> _Short descriptive text snippets_
++++

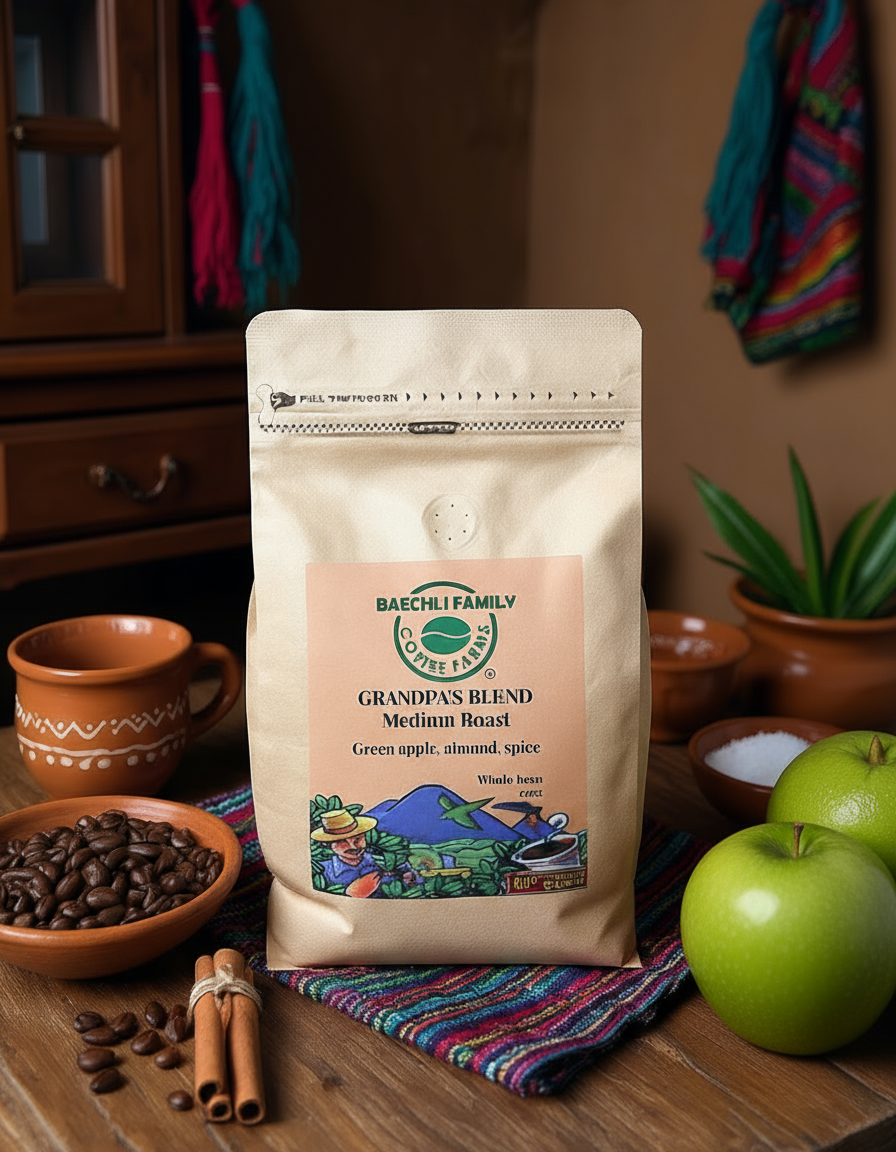 GRANDPA'S BLEND - Finca San Elias Coffee / 12oz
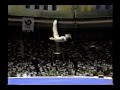Valeri liukin urs  1988 olympics  compulsories  floor exercise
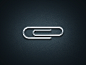 Free PSD - Paperclip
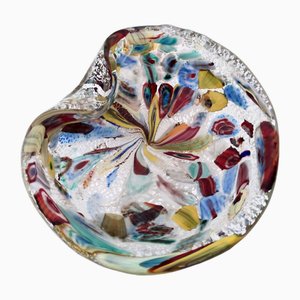 Murano Glass Ashtray attributed to Giulio Radi for Avem, 1960s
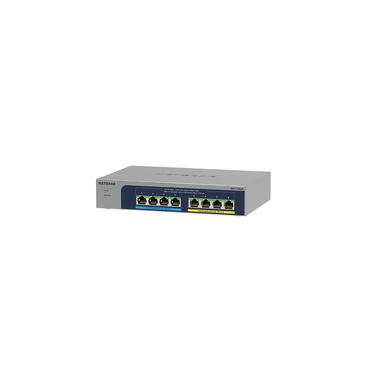 NETGEAR MS108UP Ikke administreret 2.5G Ethernet (100/1000/2500) Strøm over Ethernet (PoE)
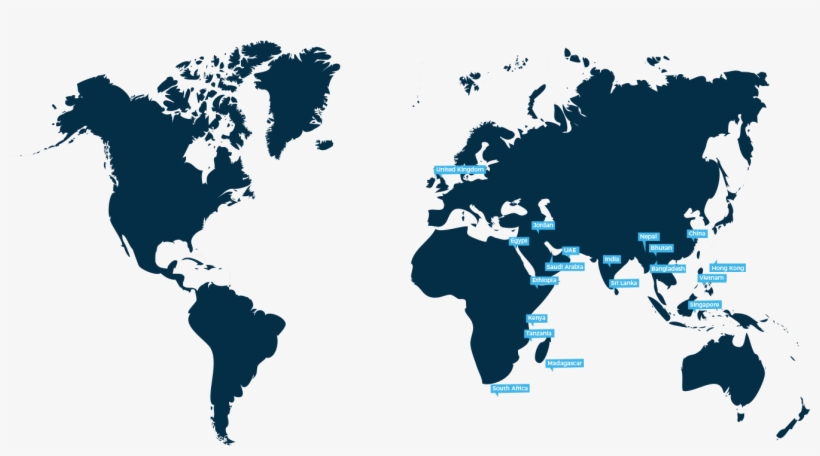 Detail World Map With Transparent Background Nomer 55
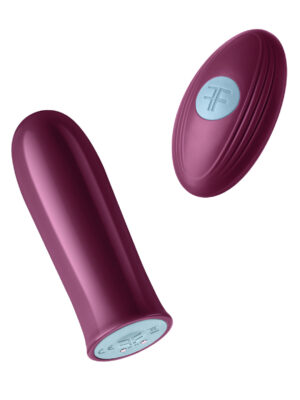 versa bullet with remote dark fucshia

++++

> _ASSIGNMENT_
Return each entry exactly as it appears above, but exclude the pictures.

> _YOUR SOLUTION_
 GRANDPA'S BLEND - Finca San Elias Coffee / 12oz
Valeri liukin urs  1988 olympics  compulsories  floor exercise
 Free PSD - Paperclip
 Murano Glass Ashtray attributed to Giulio Radi for Avem, 1960s
 NETGEAR MS108UP Ikke administreret 2.5G Ethernet (100/1000/2500) Strøm over Ethernet (PoE)
 Detail World Map With Transparent Background Nomer 55
 versa bullet with remote dark fucshia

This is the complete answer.